Exactly reproduce the lines from the one holding "COMPLETE SALTWATER AQUARIUM" through the end of the records, including both boundary lines but no pictures.
####
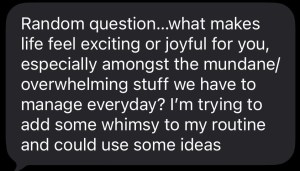 Screenshot of text message bubble, reads, "Random question...what makes life feel exciting or joyful for you, especially amongst the mundane/overwhelming stuff we have to manage everyday? I'm trying to add more whimsy to my routine and could use some ideas"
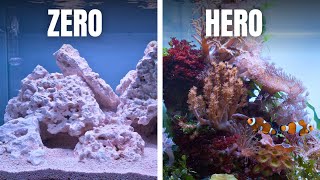 COMPLETE SALTWATER AQUARIUM BEGINNERS GUIDE - EP2: First Fill &  Adding Macro Algae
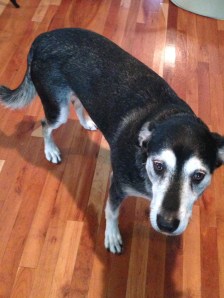 Could write a five-volume history of the canine justice system. Can't walk through half-open doors.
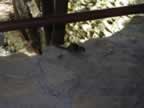 Chipmunk.jpg (15kb)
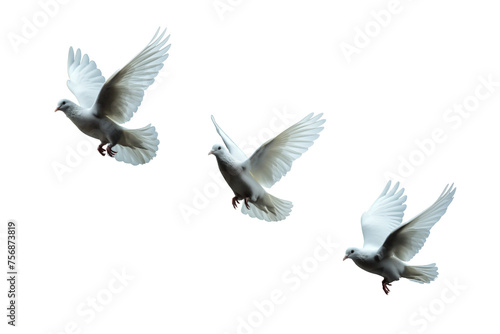 Three White doves flying on black background and Clipping path .freedom concept and international day of peace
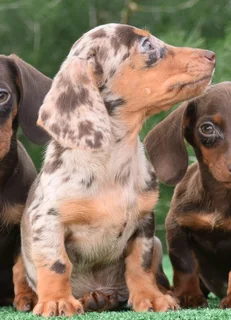 Dachshund puppies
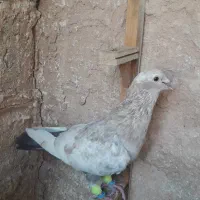 کبوتردورنگ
####
Answer area
 COMPLETE SALTWATER AQUARIUM BEGINNERS GUIDE - EP2: First Fill &  Adding Macro Algae
 Could write a five-volume history of the canine justice system. Can't walk through half-open doors.
 Chipmunk.jpg (15kb)
 Three White doves flying on black background and Clipping path .freedom concept and international day of peace
 Dachshund puppies
 کبوتردورنگ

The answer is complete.